Please give again, exactly and only, the stretch of lines from the one containing "3. In 16-bit operation, -32,768" to the end of the entries below.

⟨

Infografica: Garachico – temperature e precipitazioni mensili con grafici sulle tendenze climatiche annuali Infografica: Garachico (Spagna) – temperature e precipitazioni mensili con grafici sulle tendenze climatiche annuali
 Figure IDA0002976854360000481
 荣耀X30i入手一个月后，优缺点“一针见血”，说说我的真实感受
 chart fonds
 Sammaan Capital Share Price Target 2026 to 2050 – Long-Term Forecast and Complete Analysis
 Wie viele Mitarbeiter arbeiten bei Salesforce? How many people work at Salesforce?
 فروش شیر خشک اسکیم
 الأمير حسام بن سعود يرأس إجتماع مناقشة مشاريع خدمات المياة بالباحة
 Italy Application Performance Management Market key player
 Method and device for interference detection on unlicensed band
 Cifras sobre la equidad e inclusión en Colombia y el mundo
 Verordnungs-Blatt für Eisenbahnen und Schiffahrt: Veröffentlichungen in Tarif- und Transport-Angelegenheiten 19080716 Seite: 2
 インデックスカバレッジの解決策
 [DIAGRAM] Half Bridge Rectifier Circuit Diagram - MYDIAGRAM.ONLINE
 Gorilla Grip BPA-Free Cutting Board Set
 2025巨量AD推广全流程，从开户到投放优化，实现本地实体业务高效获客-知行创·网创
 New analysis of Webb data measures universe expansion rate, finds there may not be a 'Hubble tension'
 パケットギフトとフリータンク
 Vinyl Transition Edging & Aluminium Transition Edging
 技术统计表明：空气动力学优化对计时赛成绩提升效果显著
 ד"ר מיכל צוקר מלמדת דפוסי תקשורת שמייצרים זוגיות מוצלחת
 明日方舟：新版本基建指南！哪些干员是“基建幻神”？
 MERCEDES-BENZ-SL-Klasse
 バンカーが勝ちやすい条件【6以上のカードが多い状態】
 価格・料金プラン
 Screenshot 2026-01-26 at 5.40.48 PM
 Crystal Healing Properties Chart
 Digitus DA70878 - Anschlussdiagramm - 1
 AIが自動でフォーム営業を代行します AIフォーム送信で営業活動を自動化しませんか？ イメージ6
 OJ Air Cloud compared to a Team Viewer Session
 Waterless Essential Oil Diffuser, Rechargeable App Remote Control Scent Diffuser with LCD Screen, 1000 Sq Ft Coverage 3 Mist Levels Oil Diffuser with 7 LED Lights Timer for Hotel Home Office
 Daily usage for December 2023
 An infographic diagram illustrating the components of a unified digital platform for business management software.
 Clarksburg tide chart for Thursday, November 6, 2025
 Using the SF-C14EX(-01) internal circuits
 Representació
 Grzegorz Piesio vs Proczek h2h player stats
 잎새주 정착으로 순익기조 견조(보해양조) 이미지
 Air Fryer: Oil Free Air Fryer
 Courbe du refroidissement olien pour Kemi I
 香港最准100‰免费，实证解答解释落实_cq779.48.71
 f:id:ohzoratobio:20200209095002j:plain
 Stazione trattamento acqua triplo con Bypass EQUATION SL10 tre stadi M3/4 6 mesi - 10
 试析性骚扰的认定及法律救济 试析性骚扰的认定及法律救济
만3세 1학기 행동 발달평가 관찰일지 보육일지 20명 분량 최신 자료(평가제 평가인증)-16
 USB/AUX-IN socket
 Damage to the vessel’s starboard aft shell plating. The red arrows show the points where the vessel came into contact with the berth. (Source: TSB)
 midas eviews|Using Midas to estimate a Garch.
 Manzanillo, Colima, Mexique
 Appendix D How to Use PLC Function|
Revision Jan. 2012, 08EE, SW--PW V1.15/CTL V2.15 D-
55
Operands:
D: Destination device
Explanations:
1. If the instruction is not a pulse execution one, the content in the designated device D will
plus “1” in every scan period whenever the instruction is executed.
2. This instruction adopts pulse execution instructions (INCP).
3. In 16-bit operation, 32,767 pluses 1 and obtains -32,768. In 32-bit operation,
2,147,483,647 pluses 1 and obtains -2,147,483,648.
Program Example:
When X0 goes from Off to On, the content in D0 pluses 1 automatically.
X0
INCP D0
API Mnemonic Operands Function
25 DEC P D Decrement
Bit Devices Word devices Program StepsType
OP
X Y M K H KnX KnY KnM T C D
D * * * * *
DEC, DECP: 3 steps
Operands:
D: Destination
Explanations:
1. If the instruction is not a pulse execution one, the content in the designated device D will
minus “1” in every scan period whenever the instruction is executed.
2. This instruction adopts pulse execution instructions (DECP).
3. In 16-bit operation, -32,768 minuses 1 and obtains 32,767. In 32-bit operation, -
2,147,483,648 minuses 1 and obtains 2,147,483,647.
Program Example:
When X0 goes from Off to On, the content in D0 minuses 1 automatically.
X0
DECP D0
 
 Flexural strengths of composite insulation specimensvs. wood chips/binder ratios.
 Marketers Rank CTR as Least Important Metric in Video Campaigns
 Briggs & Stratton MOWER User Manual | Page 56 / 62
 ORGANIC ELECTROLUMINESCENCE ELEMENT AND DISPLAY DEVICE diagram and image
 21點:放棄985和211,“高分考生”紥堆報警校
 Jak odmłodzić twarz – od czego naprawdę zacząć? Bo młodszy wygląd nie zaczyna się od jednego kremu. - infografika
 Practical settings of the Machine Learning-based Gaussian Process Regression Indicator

⟩

Response:
3. In 16-bit operation, -32,768 minuses 1 and obtains 32,767. In 32-bit operation, -
2,147,483,648 minuses 1 and obtains 2,147,483,647.
Program Example:
When X0 goes from Off to On, the content in D0 minuses 1 automatically.
X0
DECP D0
 
 Flexural strengths of composite insulation specimensvs. wood chips/binder ratios.
 Marketers Rank CTR as Least Important Metric in Video Campaigns
 Briggs & Stratton MOWER User Manual | Page 56 / 62
 ORGANIC ELECTROLUMINESCENCE ELEMENT AND DISPLAY DEVICE diagram and image
 21點:放棄985和211,“高分考生”紥堆報警校
 Jak odmłodzić twarz – od czego naprawdę zacząć? Bo młodszy wygląd nie zaczyna się od jednego kremu. - infografika
 Practical settings of the Machine Learning-based Gaussian Process Regression Indicator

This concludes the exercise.